Pharmaceutical HRT is sometimes used for preventing loss of bone following menopause; however, a growing number of users are concerned about the increased risk of breast cancer associated with long-term HRT. As such, phyto-oestrogens have been used as an alternative to prevent osteoporosis. Most research has focused on soy isoflavones, although there is some evidence that red clover-derived isoflavones may also be of benefit.
In a recent trial by Atkinson et al, loss of lumbar spine bone mineral content and bone mineral density was significantly reduced in women taking red clover-derived isoflavones (43.5 mg/day) compared to placebo in a double-blind, placebo-controlled, randomised trial in 205 women over 12 months (Atkinson et al 2004c).
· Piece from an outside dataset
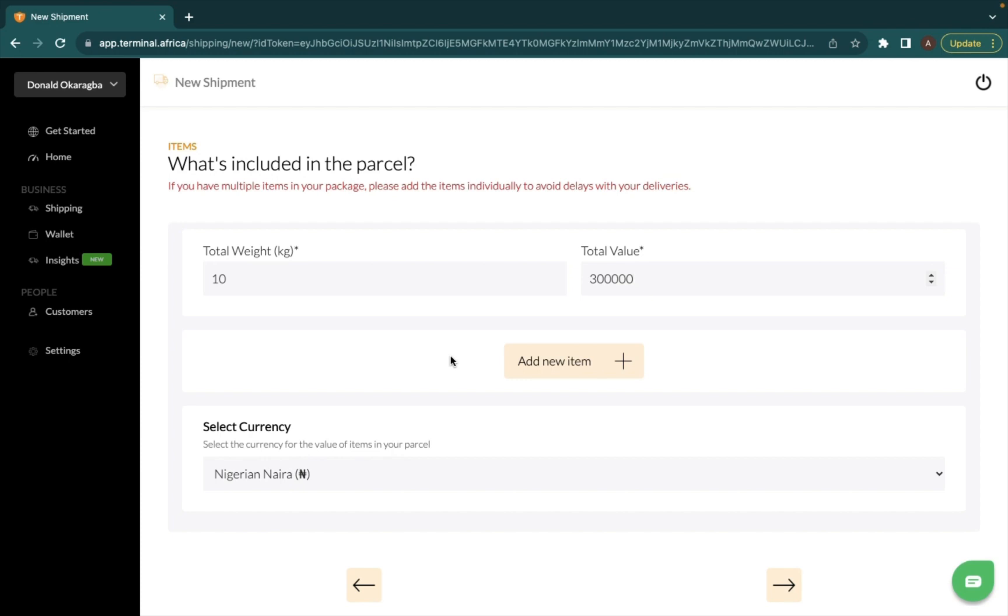You want to manually input all the individual items that you're sending. So if you're sending four different items in one box, you want to itemize each of them separately. Now I'm going to show you how you can do that.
Bone formation markers were also significantly increased; however, no improvement in hipbone mineral content or bone mineral density was noted. A double-blind study of 46 postmenopausal women investigated the effects of a red clover isoflavone preparation (Rimostil) containing genistein, daidzein, formononetin and biochanin A after a single-blind placebo phase and followed by a single-blind washout phase. Patients were randomly assigned to receive 28.5 mg, 57 mg or 85.5 mg phyto-oestrogens daily for a 6-month period. After the test period, the bone mineral density of the proximal radius and ulna rose significantly, by 4.1% with a dose of 57 mg/day and by 3.0% with a dose of 85.5 mg/day isoflavones. The response with 28.5 mg/day isoflavones was not significant (Clifton-Bligh et al 2001).
No significant difference in bone turnover markers was apparent after 12 weeks of treatment with Promensil and Rimostil in a double-blind, placebo-controlled, randomised clinical trial in 252 menopausal women aged between 45 and 60 years (Schult et al 2004).